● **What to produce**
Every line containing the string "table" is to be copied from the records.

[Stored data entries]
****

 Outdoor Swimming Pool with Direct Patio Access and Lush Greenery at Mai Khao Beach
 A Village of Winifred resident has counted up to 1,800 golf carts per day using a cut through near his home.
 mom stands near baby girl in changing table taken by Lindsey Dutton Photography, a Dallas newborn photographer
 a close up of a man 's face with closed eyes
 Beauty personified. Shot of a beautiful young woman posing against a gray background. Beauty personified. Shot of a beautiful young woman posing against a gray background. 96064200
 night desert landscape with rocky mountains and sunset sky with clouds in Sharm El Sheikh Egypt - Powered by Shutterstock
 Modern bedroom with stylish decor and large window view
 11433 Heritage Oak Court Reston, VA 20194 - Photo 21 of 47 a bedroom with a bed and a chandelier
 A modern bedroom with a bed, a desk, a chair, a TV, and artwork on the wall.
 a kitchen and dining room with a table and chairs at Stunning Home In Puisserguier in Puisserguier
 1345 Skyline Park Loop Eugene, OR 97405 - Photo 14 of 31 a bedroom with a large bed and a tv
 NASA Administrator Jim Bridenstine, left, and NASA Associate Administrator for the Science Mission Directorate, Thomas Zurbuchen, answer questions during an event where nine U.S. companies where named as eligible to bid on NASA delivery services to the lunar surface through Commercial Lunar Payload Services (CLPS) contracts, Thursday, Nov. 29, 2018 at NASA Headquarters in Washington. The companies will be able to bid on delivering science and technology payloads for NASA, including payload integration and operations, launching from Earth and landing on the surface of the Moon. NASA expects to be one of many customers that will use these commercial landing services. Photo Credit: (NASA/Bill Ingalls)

****

● **Response to this task**
 mom stands near baby girl in changing table taken by Lindsey Dutton Photography, a Dallas newborn photographer
 a kitchen and dining room with a table and chairs at Stunning Home In Puisserguier in Puisserguier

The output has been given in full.